La noche estaba en silencio, salvo por el leve crujir de las flores al moverse con el viento. Ji-ho tenía el sobre entre las manos desde hacía horas. No había cenado, no se había acostado. Solo miraba la ventana con el sobre en el regazo, como si al abrirlo fuera a desvanecerse todo lo que había construido.
Ha-joon bajó las escaleras en silencio, con una taza de leche caliente.
—Te la dejé por si querés —dijo con su voz tranquila, sentándose a su lado en el sofá.
Ji-ho asintió. Y por fin, con un suspiro profundo, rompió el sello.
Dentro había una carta escrita a mano, con la letra temblorosa de su madre.
Ji-ho,
Me enteré por alguien que aún estás vivo. Que estás bien. Que te fuiste al campo a vivir entre flores.
No sé si merezco escribirte, pero no puedo con el silencio.
Tu padre está enfermo.
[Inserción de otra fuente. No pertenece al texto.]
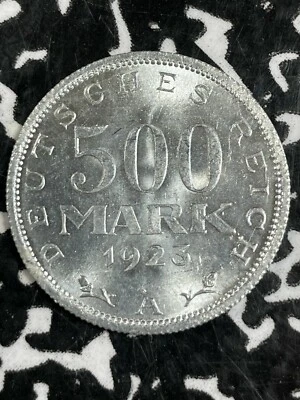 1923-A Alemania 500 marcos (muchos disponibles) ¡alto grado! Hermoso! (1 moneda solamente) Foto 1 de 4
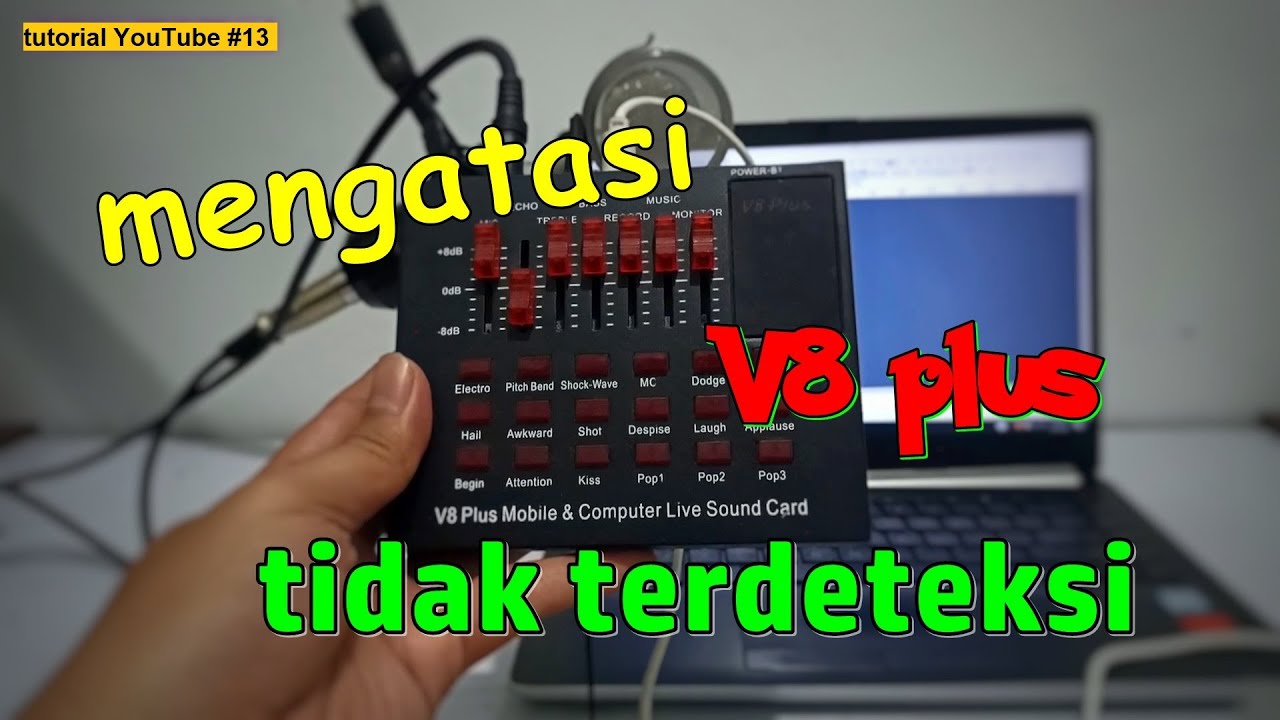 Cara Memperbaiki SOUNDCARD V8 plus tidak terdeteksi di pc atau laptop | how to fix V8 Plus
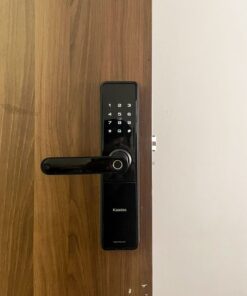 ảnh lắp đặt khoá vân tay kaadas L8-5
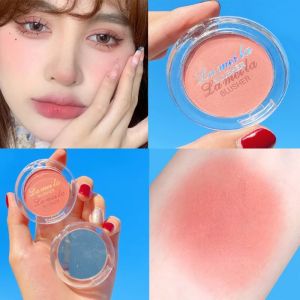 6 Colors Pink Peach Blush Pallete Natural Face Contour Cheek Tint Pigment Long Lasting Makeup Blusher Powder Cosmetic Rouge
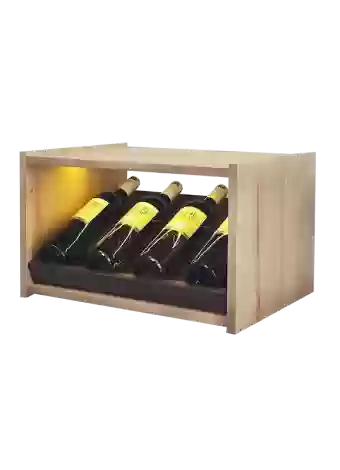 Botellero de madera de pino
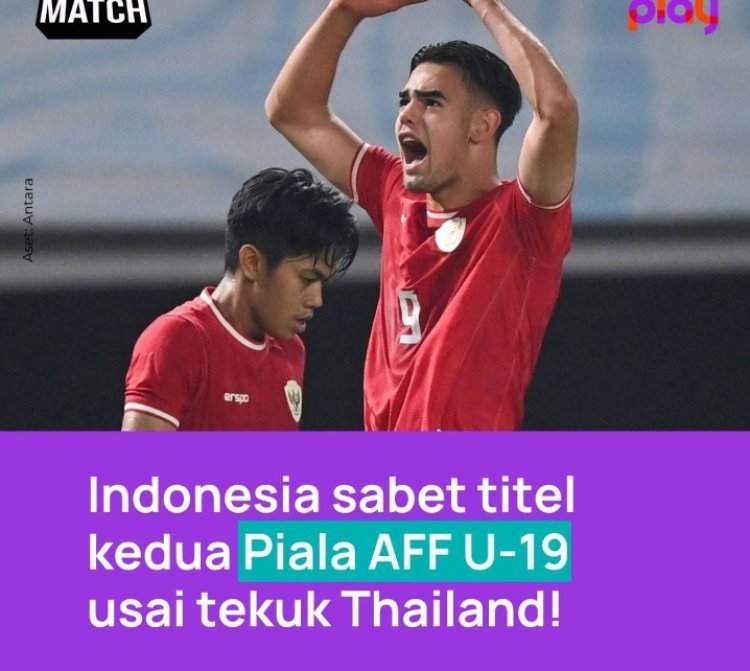 Juara, Gais! Timnas U-19 Indonesia Raih Gelar Kedua di Piala AFF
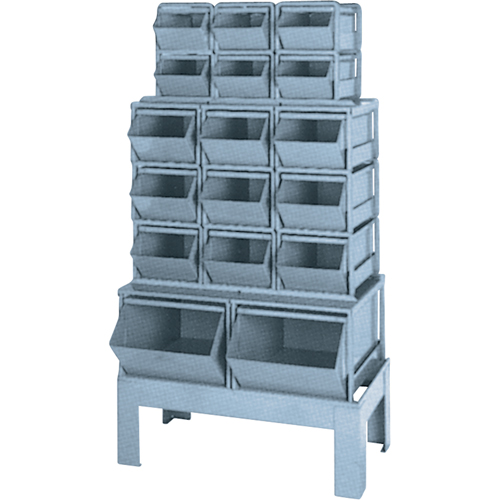 Combinaisons de bacs &agrave; assembler, Cap. 1000 lb, 33-1/2" la x 19 1/2" p x 54-1/4" h, Bleu Maritime Industrial Rubber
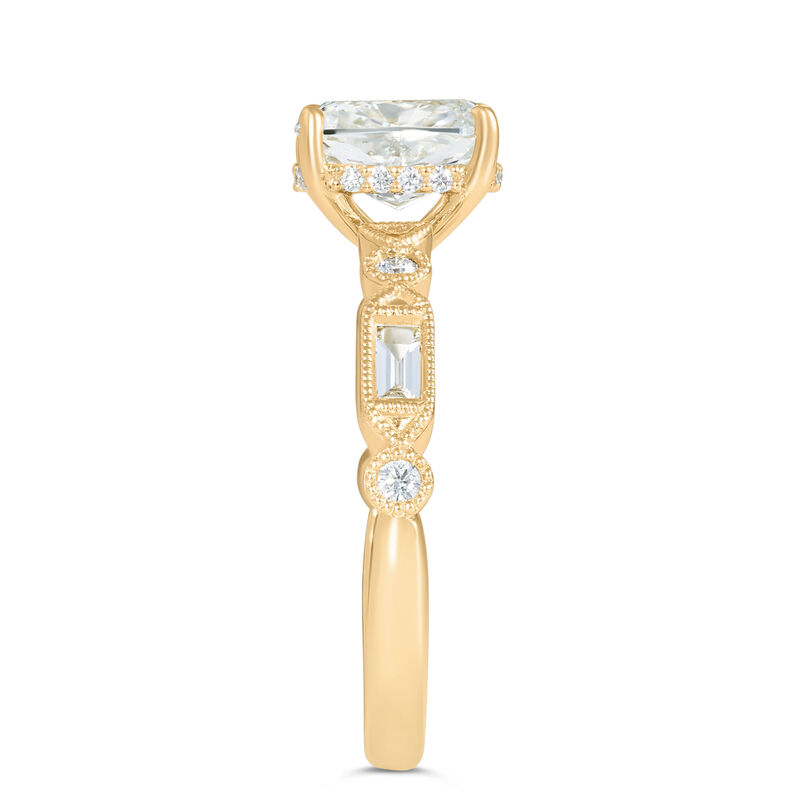 Bella Ponte Cushion Cut Diamond Engagement Ring, 14k Yellow Gold image number 1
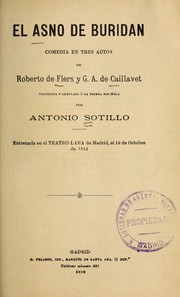 Cover of: El asno de Burida n by Robert de Flers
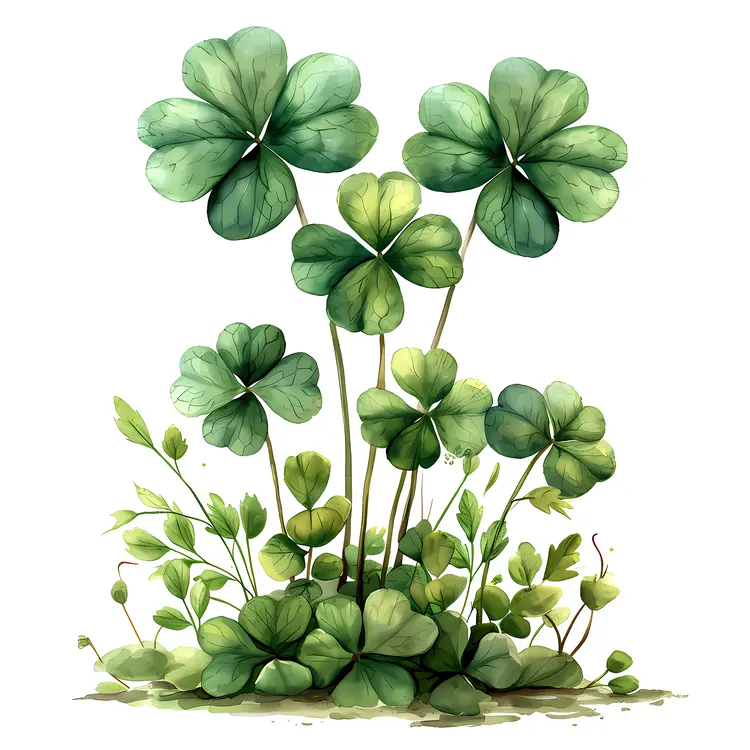 Green Clovers in Nature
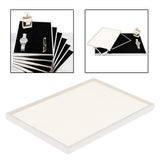 Maxbell Jewelry Tray Decorative Necklace Organizer for Jewelry Shop Photography Home Beige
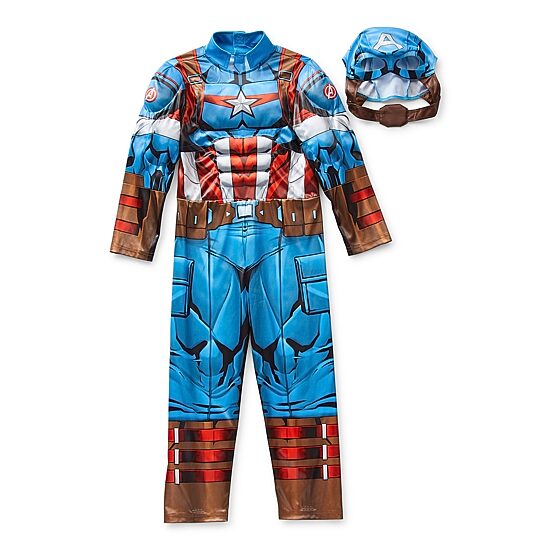 Disney Collection Captain America Roleplay Avengers Captain America Marvel Boys Dress Up Costume
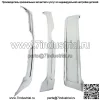 Подходит для Ford Edge 2011-2014 Передняя верхняя, центральная и нижняя решетка радиатора, хром 3 шт. - Image 3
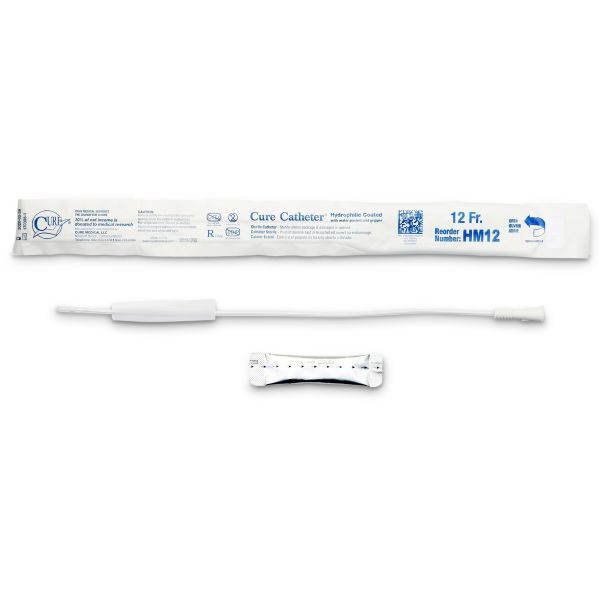 Cure Hydrophilic Catheter Male FG12 Box 30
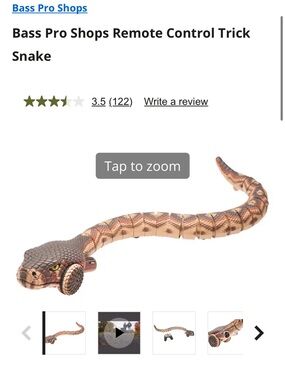 Remote Control Snake - Realistic Brown & Black Design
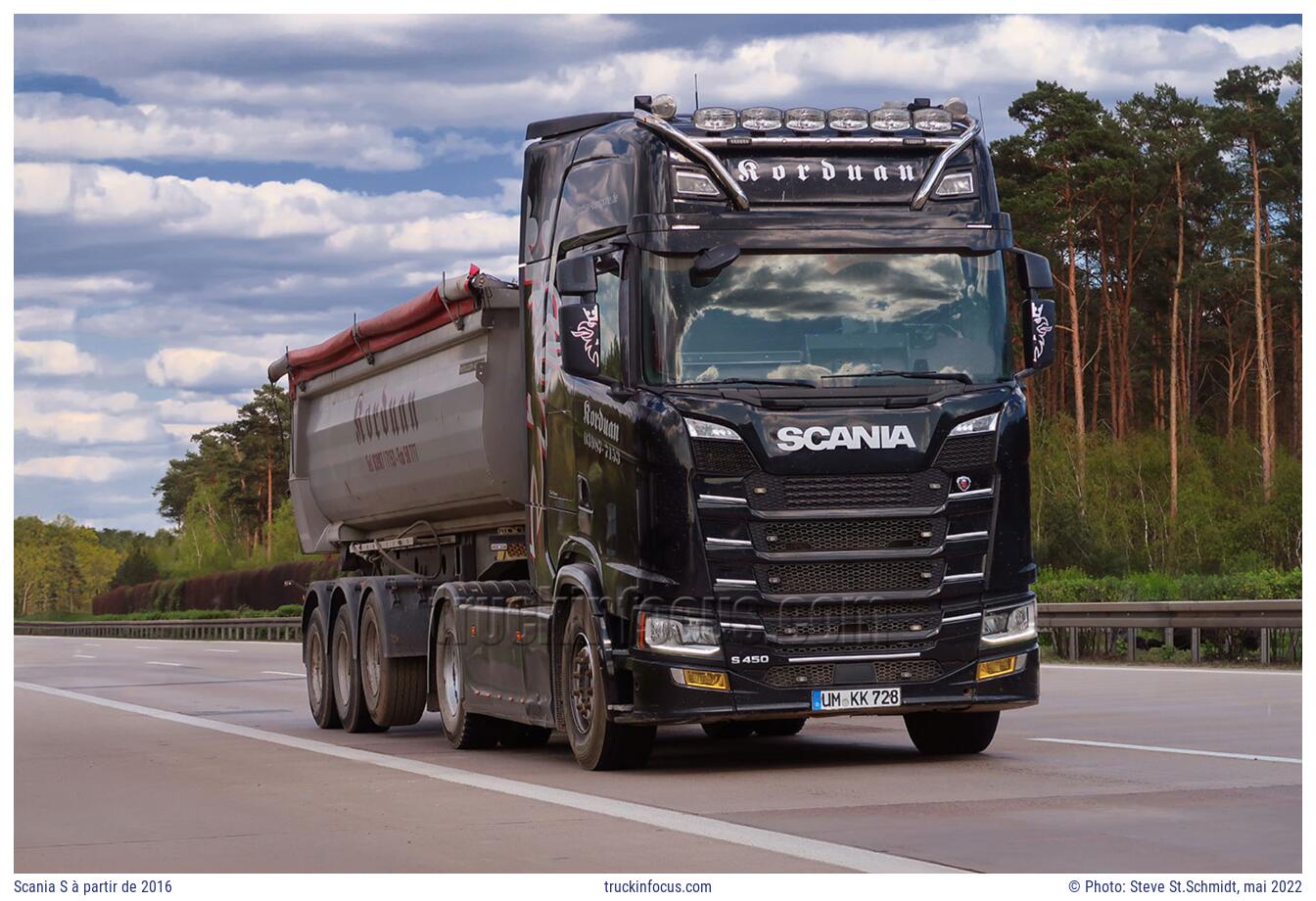 Scania S à partir de 2016 Photo mai 2022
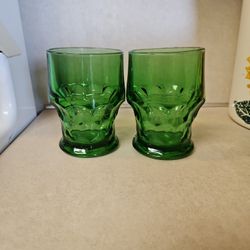 Anchor Hocking Emerald Green Glasses
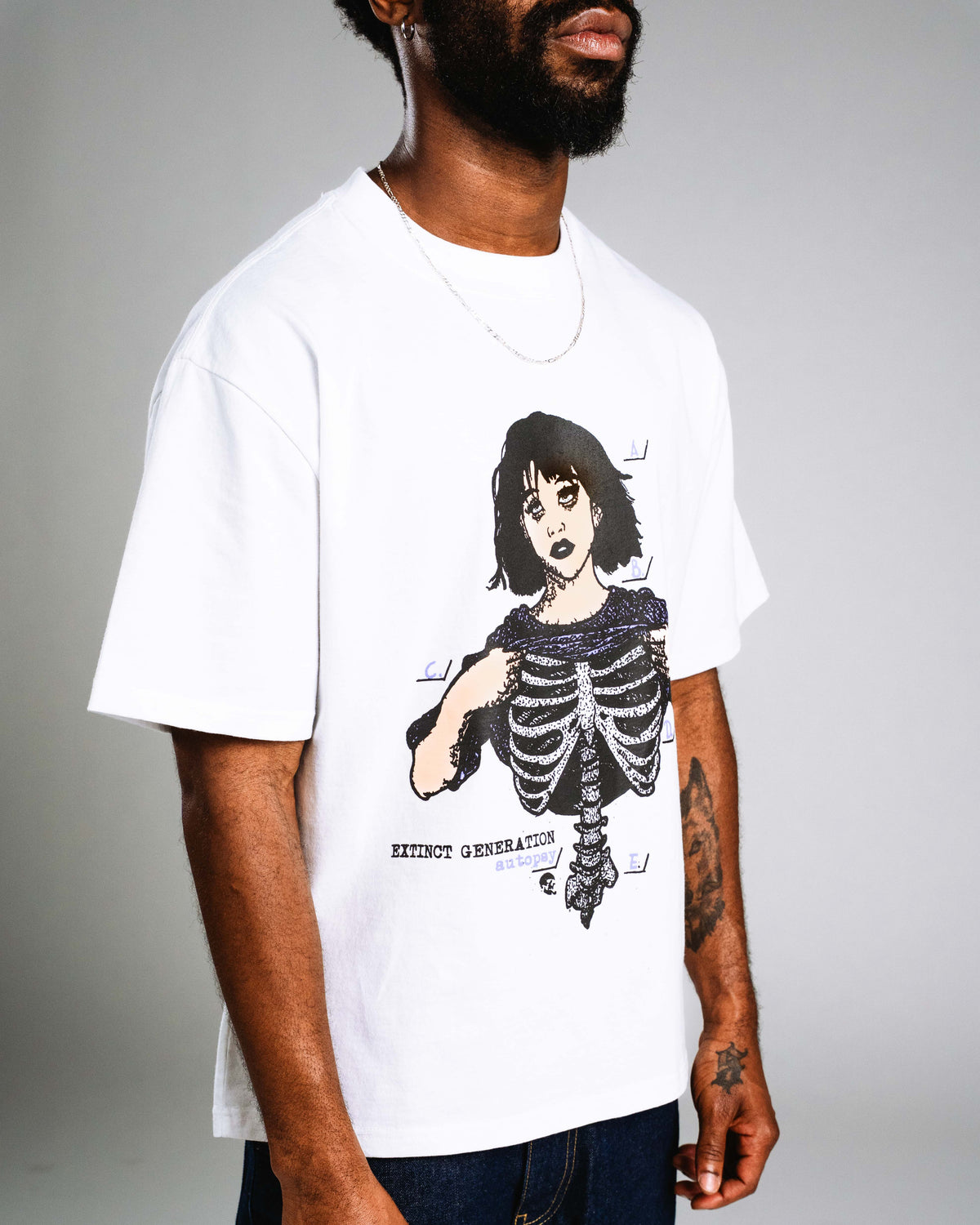 Autopsy, A Heavy Faded White Tee-5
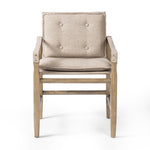 Lenz Dining Armchair Alcala Taupe Front Facing View Four Hands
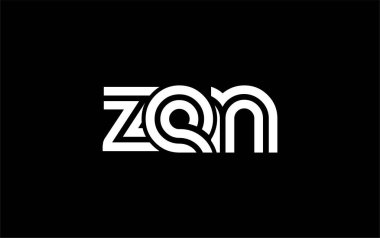 ZEN Yaratıcı Eşsiz Modern Harf Logosu Tasarımı. Benzersiz bir harf dizaynına sahip stilize logo, soyut minimalist estetik ve modern cazibe sunar.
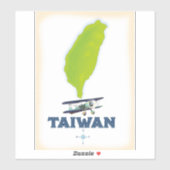 Sticker Carte Taiwan (Feuille)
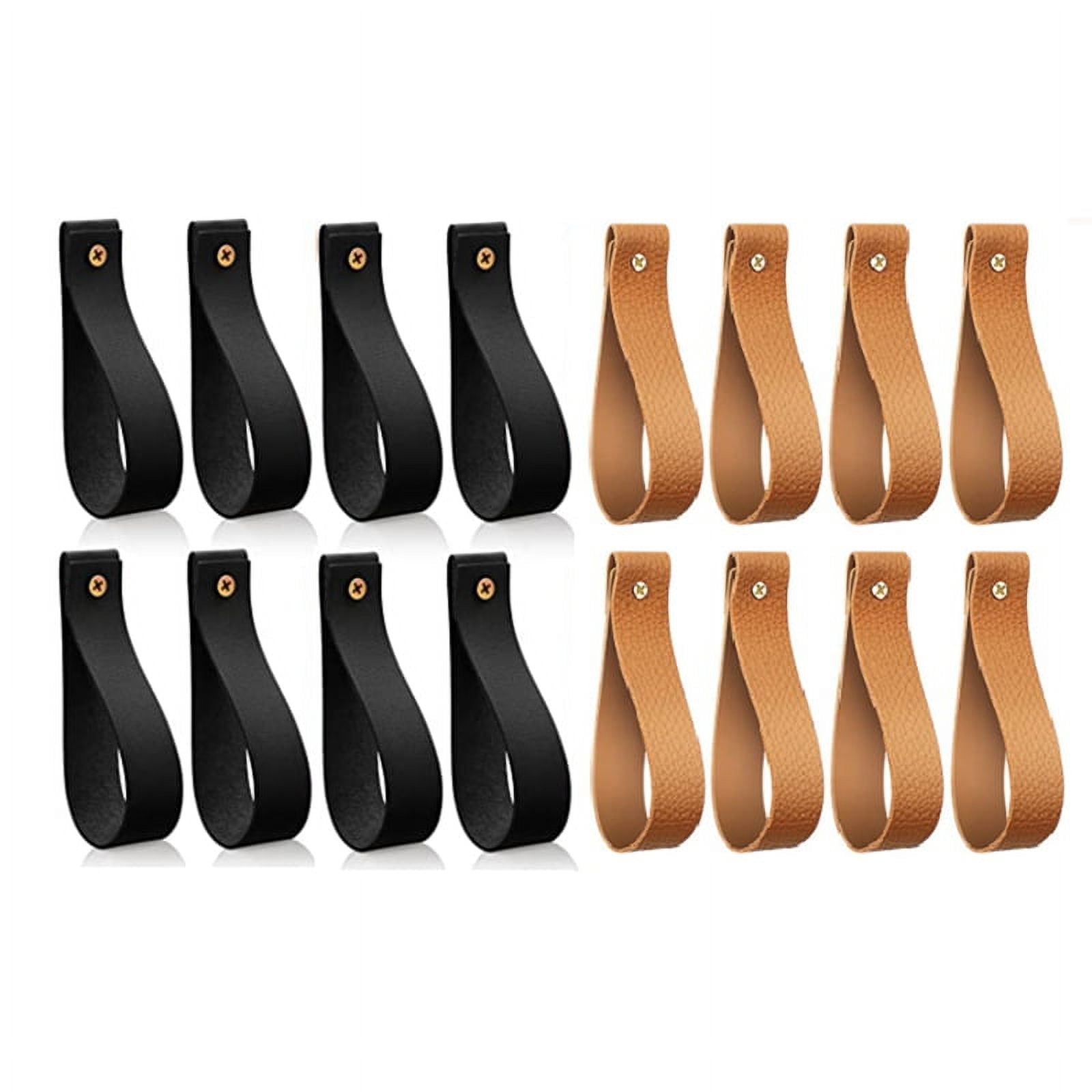 16 Pcs Artificial Leather Wall Hooks Wall Hanging Strap Loop for Hanging Leather Strap Hangers Walmart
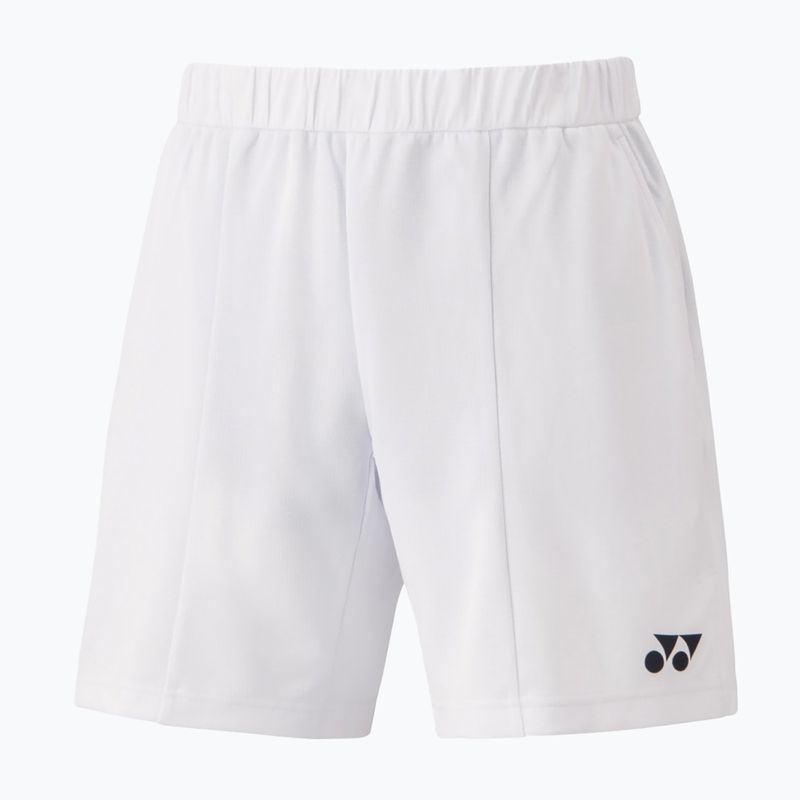 Детски шорти за тенис на YONEX, бели CSJ15138JEX3W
No pide por nadie, pero… a veces dice tu nombre en voz baja.
No te pido que regreses. Solo quería que supieras que, pese a todo, te recuerdo.
Mamá.
Ji-ho sintió un nudo en la garganta. No lloró. Solo se quedó quieto, mirando el papel. Su mente se llenó de imágenes rotas: gritos, puertas cerradas, miradas de decepción. Y también de aquella única vez en la infancia donde su madre le había puesto una flor detrás de la oreja y había sonreído.
—¿Querés hablar? —preguntó Ha-joon.
—No sé qué siento. —respondió Ji-ho en voz baja—. No sé si quiero verlos… o si me duele no querer.
Ha-joon puso su mano sobre la suya. No como quien da una respuesta, sino como quien promete acompañar sin juzgar.
Desde el cuarto, una voz pequeña rompió el silencio:
—Ji-ho… ¿Podés venir?
Era Tae-oh, medio dormido, buscando calor.
Ji-ho dejó la carta, se levantó, y fue a abrazarlo.
Quizás aún había cosas que no sabía perdonar… pero sí sabía amar.